Manusia harus disilang. Pandanglah Allah saja.
Satu
sisi, kita memang harus menyesuikan diri dengan orang lain. Fungsinya, agar
kemudian hari mereka tertarik dalam dunia kita. Namun bersamaan dengan itu,
orang lain harus menyesuikan kita. Maka, buatlah diri kita menjadi cahaya. Nah,
tidak ada ceritanya cahaya menghampiri kegelapan.
Urusan
hal-hal kecil, okelah kita ngalah. Kalau buah apel Anda dimakan teman tanpa
izin, okelah membiarkan. Tapi untuk urusan-urusan besar dan penting, haram kita
ngalah. Kenapa? Karena memang itulah fungsi agama. Yaitu melindungi diri,
harta, agama, akal, keluarga, ilmu, dan seterusnya.
Saya
tidak tahu, bagaimana lingkungan Anda masing-masing. Tentu saja berbeda. Namun,
sepengetahuan saya bahwa lingkungan itu banyak yang menghambat meraih visi
kita. Atau paling tidak, membuat lambat hingga parahnya membuyarkan impian atau
visi kita. Maka, kita harus tegas mengatakan tidak bergaul dengan mereka. Kita
mesti tegas mengatakan tidak bahwa memang itu tidak berguna bagi visi kita.

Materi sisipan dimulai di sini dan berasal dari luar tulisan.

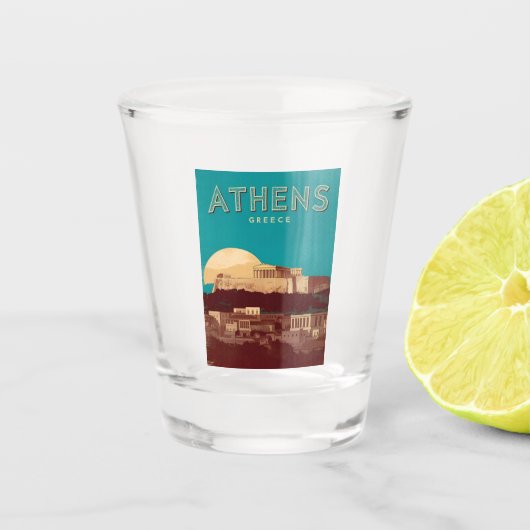 Vintage Travel Athens Griechenland Retro Landschaf Schnapsglas (Vorderseite)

Meski secara umum ada manfaatnya yang kecil, terutama bagi mereka.
Perlu
untuk ditegaskan lagi, bahwa kita diciptakan bukan untuk menjadi sampah. Tapi
sebuah makhluk hasil desain Allah untuk mengembang tugas kekhalifahan. Untuk
mengharumkan nama-Nya dan mewujudkan kehendak-kehendak-Nya. Ya, kita adalah
delegasi Tuhan. Setiap kita memiliki visi misi ketuhanan ini.
Maka,
sempatkanlah merenung dan berpikir. Untuk mengetahui mana yang benar-benar
besar dan harus diperjuangkan. Dan mana yang memang kecil, memang remeh, memang
tidak penting, yang tidak sepatutnya menjadi perhatian hati dan pikiran kita.

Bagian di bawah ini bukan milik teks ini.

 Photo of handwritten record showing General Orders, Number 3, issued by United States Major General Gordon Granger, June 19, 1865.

Sekali lagi, akal pikiran ini adalah untuk hal-hal besar menyongsing perubahan
besar yang selalu berorientasi pada kebaikan, kebenaran dan keindahan.
Tentu
sangat sayang, bila Anda punya rumah sebesar istana namun hanya dihuni Anda
saja. Atau sangat sayang bila Anda punya rumah, namun tidak dihuni sehingga
dijadikan tempat sampah oleh orang lain. Seperti itulah hati dan akal pikiran
kita. Sayang bila ditempati sesuatu yang remeh bahkan sampah atau bangkai
akibat ulah tidak bertanggungjawab lingkungan. Padahal, inti dari manusia
sejatinya adalah hati, akal, dan pikirannya. Ini benar-benar amat mahal.
Ingat,
tidak semua yang menyenangkan itu positif bagi hati, akal pikiran kita. Bahkan
sudah umum “senang-senang” sering melenakan. Moment seperti itu adalah
kesempatan emas bagi iblis untuk menggelincirkan kita. Mencari kesenangan boleh
saja. Asal tetap waspada. Padahal, dengan hati, akal pikiran yang bersih bisa
menghibur pemiliknya tanpa harus mencari dari luar. Kebahagiaan itu, bukan soal
materi. Tapi soal bagaimana memenej hati dengan akal yang terpelihara.
Masih
banyak hal-hal besar yang butuh perhatian kita. Hati dan akal pikiran kita
memang telah diberi kapabilitas oleh Allah untuk hal-hal besar dan jauh lebih
bermanfaat bagi kehidupan. Sudah banyak buktinya, para ilmuwan, seniman,
sastrawan, budayawan, agamawan dan seterusnya. Mereka adalah orang-orang yang
menang dan sukses membawa dirinya pada cahaya. Sehingga cahaya itu mantul dari
dirinya yang diikuti oleh orang-orang dan lingkungan di sekitarnya.
Kalau
sudah demikian, insya Allah kegelapan akan menghampirinya secara
berangsur-angsur. Cahaya menerangi kegelapan.